SONGS aiming for the lucrative Radio 2 playlist have to be bland enough to offend no-one while remaining just about memorable. Here’s how to make your ditty dull enough to soar:
Include a reference to a mundane, everyday item such as pastry, toast or your brother’s knee. This makes your song relatable to people who like pastries, eat toast and have brothers with knees.
Do you pronounce the word love as ‘lurve’ or ‘luuurve’, even though you’re rhyming it with ‘above’, ‘like a glove’ and ‘Brighton and Hove’? Are there at least 73 repeated mentions of ‘love’ in two verses, four choruses and a bridge? You’re getting there.

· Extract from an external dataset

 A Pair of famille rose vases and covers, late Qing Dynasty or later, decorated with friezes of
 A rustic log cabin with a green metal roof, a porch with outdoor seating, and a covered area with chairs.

Are most of your backing vocals ‘la la la’, which you’ve rhymed with ‘la la la’? Now nobody needs to learn the words to sing along. Steve Wright in the Afternoon will be delighted.
Is the melody unvaried enough for it to register as white noise? Can the whole song go through your Nan’s hearing aid without trouble, the same way her blended meals pass smoothly down her throat?
Is the track not quite fast enough to do CPR to? Imagine someone’s unconscious and you’re pumping their chest to the tempo of your song. Do they just about stay dead?
Have you included not just one key change but also a second to cover the cracks when you’re about to run out of tune again? You’ve just given Vernon Kay listeners the biggest sexual thrill since the day in 2011 when they got all the answers on PopMaster.